┌─ Provided records

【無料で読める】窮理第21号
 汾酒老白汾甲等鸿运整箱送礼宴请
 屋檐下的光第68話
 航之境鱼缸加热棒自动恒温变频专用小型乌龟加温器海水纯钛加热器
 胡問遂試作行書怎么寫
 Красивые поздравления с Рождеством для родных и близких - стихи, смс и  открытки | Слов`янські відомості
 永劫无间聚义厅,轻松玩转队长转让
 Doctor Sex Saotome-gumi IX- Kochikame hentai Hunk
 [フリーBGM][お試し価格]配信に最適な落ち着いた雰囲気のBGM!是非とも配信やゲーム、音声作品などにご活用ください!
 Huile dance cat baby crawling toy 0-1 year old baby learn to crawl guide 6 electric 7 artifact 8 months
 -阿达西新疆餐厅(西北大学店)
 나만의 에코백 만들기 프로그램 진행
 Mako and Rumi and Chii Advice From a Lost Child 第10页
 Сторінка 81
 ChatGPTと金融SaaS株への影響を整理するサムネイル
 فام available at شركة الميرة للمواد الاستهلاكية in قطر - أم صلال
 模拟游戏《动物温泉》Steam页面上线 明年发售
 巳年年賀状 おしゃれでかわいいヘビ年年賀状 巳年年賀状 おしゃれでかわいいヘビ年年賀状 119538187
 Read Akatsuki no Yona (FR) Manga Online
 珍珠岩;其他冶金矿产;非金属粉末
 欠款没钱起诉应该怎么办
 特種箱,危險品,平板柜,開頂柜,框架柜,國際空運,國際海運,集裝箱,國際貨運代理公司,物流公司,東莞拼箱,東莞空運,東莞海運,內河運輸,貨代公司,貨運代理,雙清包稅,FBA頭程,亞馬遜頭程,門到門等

└─

*Action item:*
Output the material verbatim, including every line.

*Task response:*
【無料で読める】窮理第21号
 汾酒老白汾甲等鸿运整箱送礼宴请
 屋檐下的光第68話
 航之境鱼缸加热棒自动恒温变频专用小型乌龟加温器海水纯钛加热器
 胡問遂試作行書怎么寫
 Красивые поздравления с Рождеством для родных и близких - стихи, смс и  открытки | Слов`янські відомості
 永劫无间聚义厅,轻松玩转队长转让
 Doctor Sex Saotome-gumi IX- Kochikame hentai Hunk
 [フリーBGM][お試し価格]配信に最適な落ち着いた雰囲気のBGM!是非とも配信やゲーム、音声作品などにご活用ください!
 Huile dance cat baby crawling toy 0-1 year old baby learn to crawl guide 6 electric 7 artifact 8 months
 -阿达西新疆餐厅(西北大学店)
 나만의 에코백 만들기 프로그램 진행
 Mako and Rumi and Chii Advice From a Lost Child 第10页
 Сторінка 81
 ChatGPTと金融SaaS株への影響を整理するサムネイル
 فام available at شركة الميرة للمواد الاستهلاكية in قطر - أم صلال
 模拟游戏《动物温泉》Steam页面上线 明年发售
 巳年年賀状 おしゃれでかわいいヘビ年年賀状 巳年年賀状 おしゃれでかわいいヘビ年年賀状 119538187
 Read Akatsuki no Yona (FR) Manga Online
 珍珠岩;其他冶金矿产;非金属粉末
 欠款没钱起诉应该怎么办
 特種箱,危險品,平板柜,開頂柜,框架柜,國際空運,國際海運,集裝箱,國際貨運代理公司,物流公司,東莞拼箱,東莞空運,東莞海運,內河運輸,貨代公司,貨運代理,雙清包稅,FBA頭程,亞馬遜頭程,門到門等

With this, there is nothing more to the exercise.